==== Recorded data
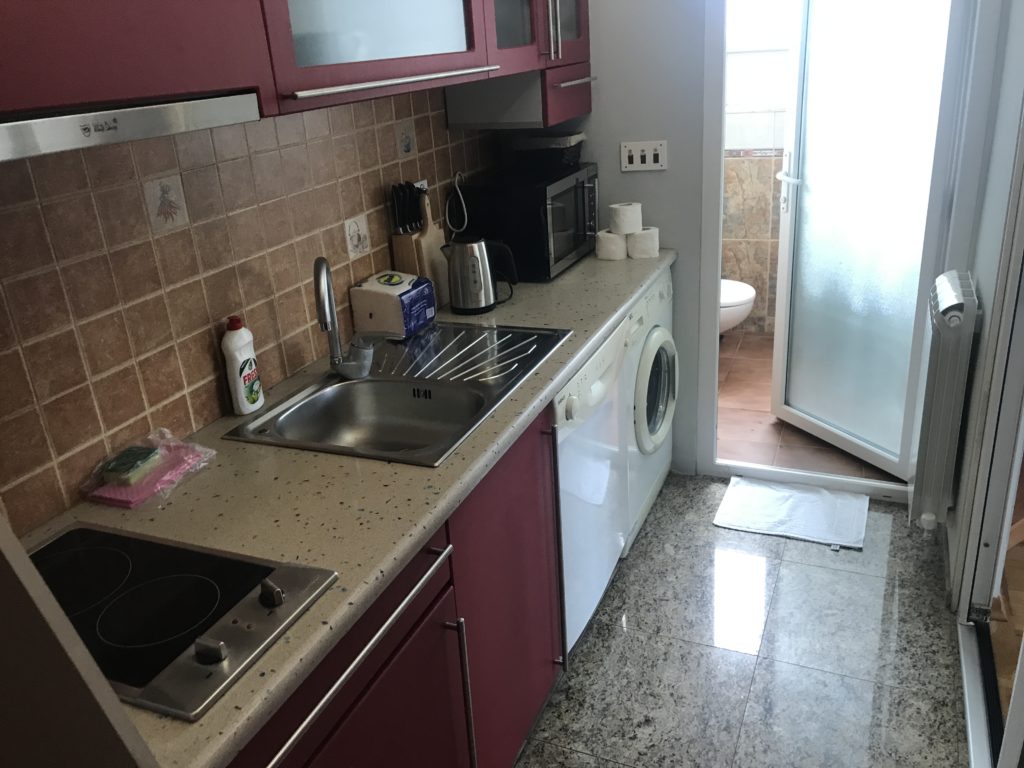 a kitchen with a sink and a washing machine
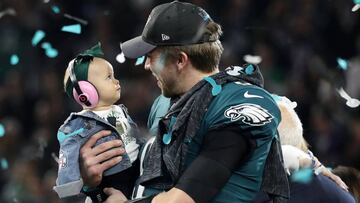 MINNEAPOLIS, MN - FEBRUARY 04:  Nick Foles #9 of the Philadelphia Eagles celebrates with his daughter Lily Foles after his 41-33 victory over the New England Patriots in Super Bowl LII at U.S. Bank Stadium on February 4, 2018 in Minneapolis, Minnesota. The Philadelphia Eagles defeated the New England Patriots 41-33.  (Photo by Rob Carr/Getty Images)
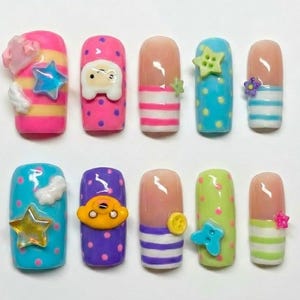 May include: A collection of ten artificial nails, each with a unique design. The nails showcase vibrant colours including pink, blue, and green, adorned with polka dots, stripes, and 3D decorations like stars, clouds, and cartoon characters.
========
### What the task requires:
No pictures belong in the output. It should reproduce exactly the lines from the one containing "MINNEAPOLIS, MN - FEBRUARY" through the end of the data, both ends included.

### Problem solution:
 MINNEAPOLIS, MN - FEBRUARY 04:  Nick Foles #9 of the Philadelphia Eagles celebrates with his daughter Lily Foles after his 41-33 victory over the New England Patriots in Super Bowl LII at U.S. Bank Stadium on February 4, 2018 in Minneapolis, Minnesota. The Philadelphia Eagles defeated the New England Patriots 41-33.  (Photo by Rob Carr/Getty Images)
 May include: A collection of ten artificial nails, each with a unique design. The nails showcase vibrant colours including pink, blue, and green, adorned with polka dots, stripes, and 3D decorations like stars, clouds, and cartoon characters.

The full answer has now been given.